Several questions ensued the doctors’ presentation. Barbara Bloom, a parent, mentioned how her younger-aged student still liked to sleep late. Dr O’Malley emphasized how the studies conducted centered on physiological development over age, perhaps because of this very tendency. Other committee members recalled rising early themselves as high school students 20 years ago. “This may have been true in this region,” said Dr O’Malley. “But we are talking in terms of national averages. On average, school times have gotten progressively earlier over the last ten to 20 years.”

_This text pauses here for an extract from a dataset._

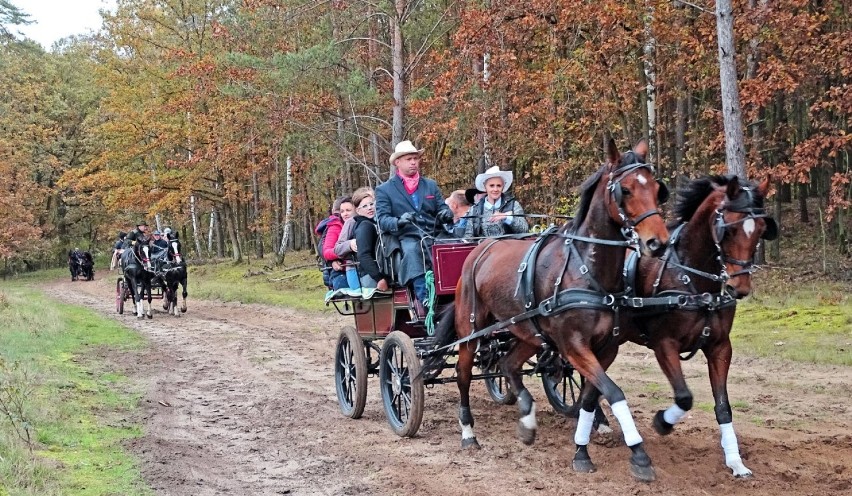 Dziś święto myśliwych i jeźdźców. Zobaczcie zdjęcia z Hubertusa pod Skokami [ZDJĘCIA]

Dr Pitkoff distributed copies of a Columbia University report, The Effects of School Starting Times on Educational Outcomes; a piece by Kyla L. Wahlstrom, associate director of the Center for Applied Research and Educational Improvement at the University of Minnesota, called The Prickly Politics Of School Start Times; and a guide, Adolescent Sleep Needs and Patterns, available online at the National Sleep Foundation, www.sleepfoundation.org.

During the next meeting, October 29, at 7 pm, Dr Pitkoff said that the committee would discuss the articles and hear more information from medical professionals on sleep pattern research. The meeting will take place in Canaan House, 4 Fairfield Circle South. The public is welcome to attend.